Photo credit: BCI/Joe Woodruff. Location: Gujarat, India, 2023.
Sahar Haq (left) and Yrene Coli Rivera (right)

By Sahar Haq, Senior Social Impact Coordinator and Yrene Coli Rivera, Senior Gender Equality Coordinator at the Better Cotton Initiative (BCI)

When Ayesha, a smallholder cotton farmer from Pakistan, talks about her daily work, she lists preparing the soil, weeding, harvesting, and collecting stalks. “Without our hands, there is no cotton,” she says. Ayesha echoes the thoughts of thousands of women farmers in Sindh, Pakistan, where 93% are engaged in sowing, 77% in weeding, 69% in picking, 40% in soil management, yet only 12% in managing finances.

In Gujarat, India, women are similarly at the heart of cultivation: 63% sow, 89% weed and 91% harvest. But market systems and mobility restrictions mean only 23% are involved in selling cotton, and just 13% participate meaningfully in household farm management decisions.

Recent studies by the Better Cotton Initiative (BCI) in Sindh and Gujarat reveal the scale of women’s contributions to cotton – and the hurdles they face in moving from invisible labourers to equal decision-makers. Across the regions, women carry out most of the manual and time-intensive work of cotton farming while also managing household responsibilities. As one woman farmer from Pakistan explained, “After the fieldwork, there is still all the housework waiting. There is no time left for us.”

The knowledge and labour of women farmers sustain their households and communities. Yet, the systems in place mean women in the region are rarely consulted on how farm earnings are invested, how they use their time, or how families adapt to the challenges of climate change. This exclusion not only limits women’s income and decision-making power but also leaves families less resilient to economic and climate shocks. On International Day of Rural Women 2025, we shine a light on these experienced farmers whose labour sustains households, livelihoods, and the wider economy.

Graphic showing the day in the life of a woman cotton farmer.

Identifying systemic barriers

Across both geographies, three barriers stand out:

  • Time poverty: In India, unpaid care and farm work absorbs most of women’s time daily. Women reported to have little or no time to engage in activities that earn additional income. In Pakistan, up to 78% of women’s off-farm time is spent on collecting firewood and water for household needs.
  • Limited access to resources and markets: Without equal access to markets and resources like credit and land, women are held back from adopting regenerative farm practices that build resilience.
  • Decision-making gaps: In many households, men retain final authority because they have access to networks, extension services and market access.

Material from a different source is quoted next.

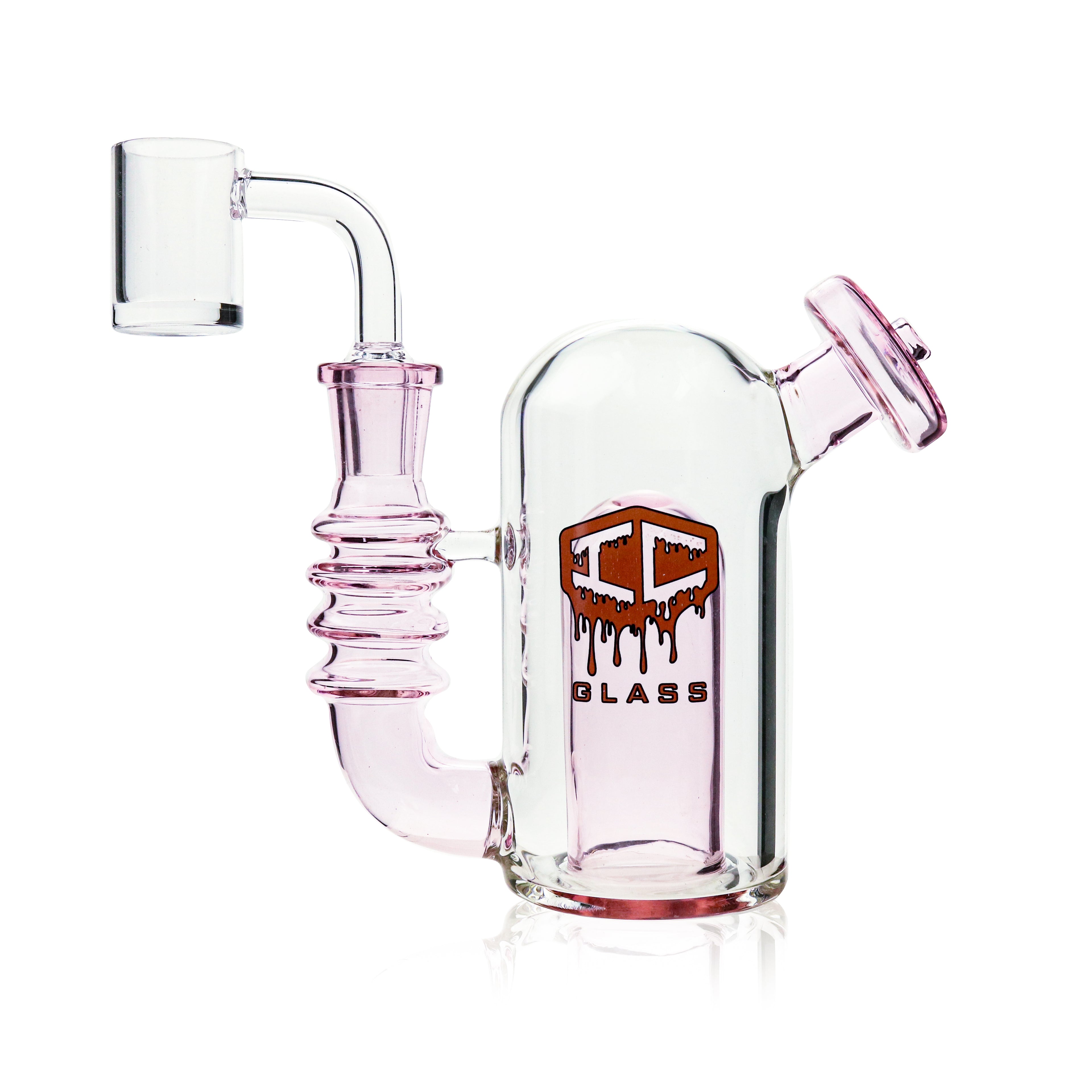 IC Glass - Thumb Puppet Rig with Banger (ICRI2072) - Wholesale Distributor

In spite of all that, women’s aspirations across the region are clear. In Pakistan, 65% of the surveyed women farmers said they could manage their own farms and showcased high levels of interest in and willingness to work with technical practices for pest management and land preparation.

“We know which seed is good, but we cannot go to the shop. My husband buys it. If I go, people will talk.”

Woman farmer, Gujarat

The Better Cotton Initiative’s role

As the world’s largest cotton sustainability programme, BCI supports the building of an enabling environment for women farmers to access and own resources and practice regenerative cotton production as a pathway to empowerment and ecosystem resilience.

Through our Principles & Criteria, gender is embedded as a cross-cutting theme. Farm clusters establish Gender Committees and appoint Gender Leads, creating formal structures that address barriers and ensure women farmers can participate in decisions, access training easily, and take on leadership roles.

Working with our partners, we take this further by:

  • Expanding leadership pathways with an impact target to increase women field staff globally. By recruiting women into these roles, partners ensure women farmers are supported by peers and visible role models in their communities.
  • Reducing time burdens through practical solutions such as labour-saving tools, flexible training schedules and childcare support, so women can engage more fully in training and markets.
  • Strengthening women’s collectives and self-help groups, giving women the chance to pool resources, access security nets, improve bargaining power, and gain a stronger voice in markets and community forums.
  • Promoting gender dialogues within households, encouraging men and women to share responsibilities and decisions, helping to shift norms and expand women’s influence in farming.

These actions reflect our 2030 Strategy, which links gender equality with broader impact goals on livelihoods, climate resilience, and regenerative agriculture.

The road ahead

Rural women in cotton are not passive beneficiaries; they are farmers engaged directly throughout the production cycle and often facing the harsh impacts of climate change and global economic downturn.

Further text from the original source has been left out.